*** Provided data Section Begins ***

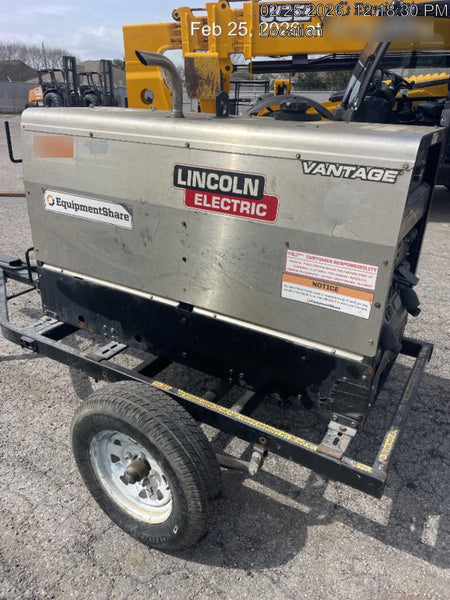 2019 Lincoln Electric Vantage 322 Welder Ready-Pak 3, Two wheel trailer, Fender and Light kit, Cable Rack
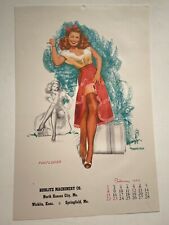 February 1953 Pinup Girl Calendar Page w/ Hitchhiking Redhead T.N. Thompson picture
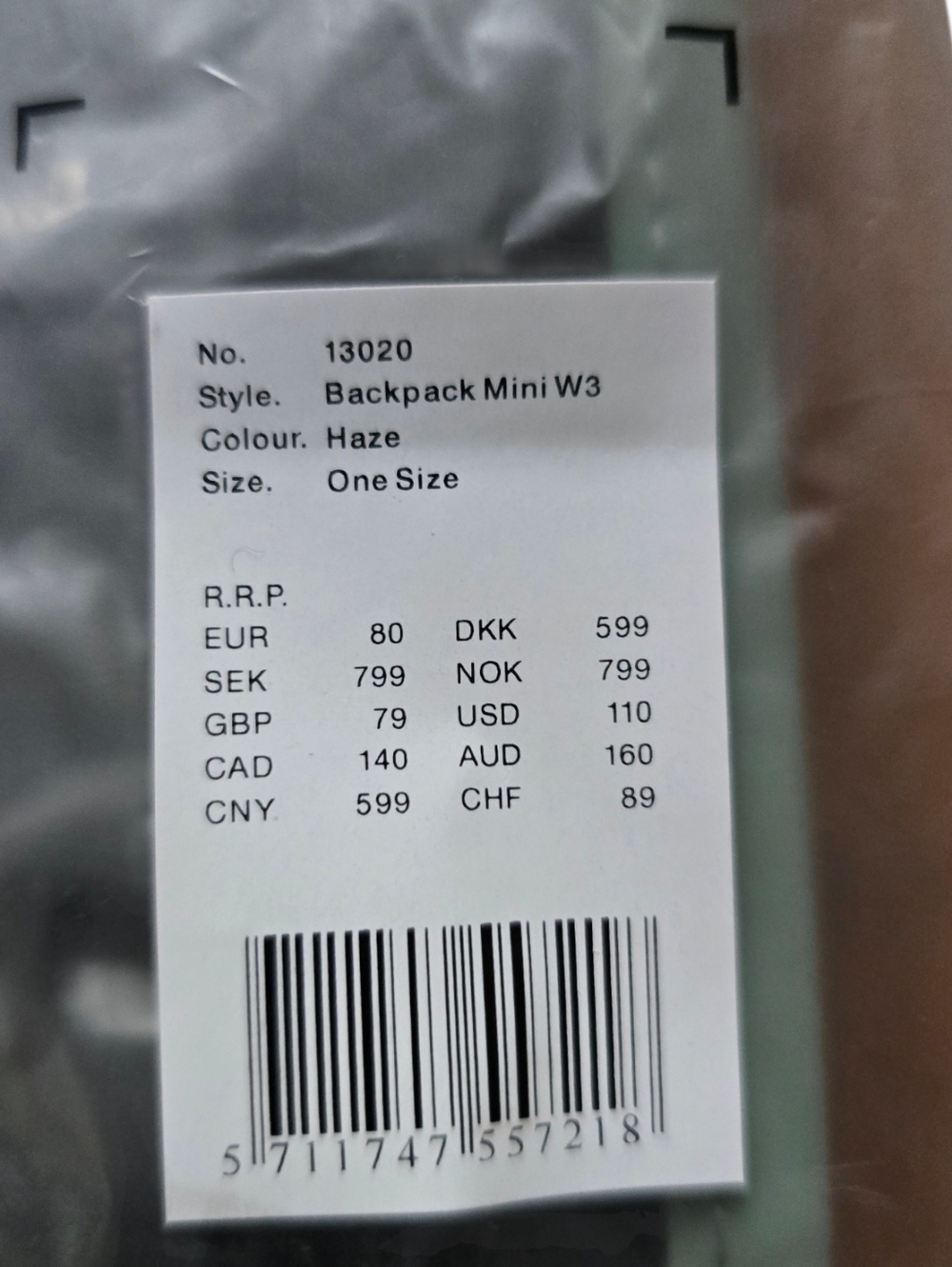 *NWT* Rains Backpack Mini W3 - Haze - Picture 8 of 8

*** Provided data Section Ends ***

▶ **Work order**
Each line above should be printed again exactly, though the pictures should not be.

▶ **Your solution**
 2019 Lincoln Electric Vantage 322 Welder Ready-Pak 3, Two wheel trailer, Fender and Light kit, Cable Rack
 February 1953 Pinup Girl Calendar Page w/ Hitchhiking Redhead T.N. Thompson picture
 *NWT* Rains Backpack Mini W3 - Haze - Picture 8 of 8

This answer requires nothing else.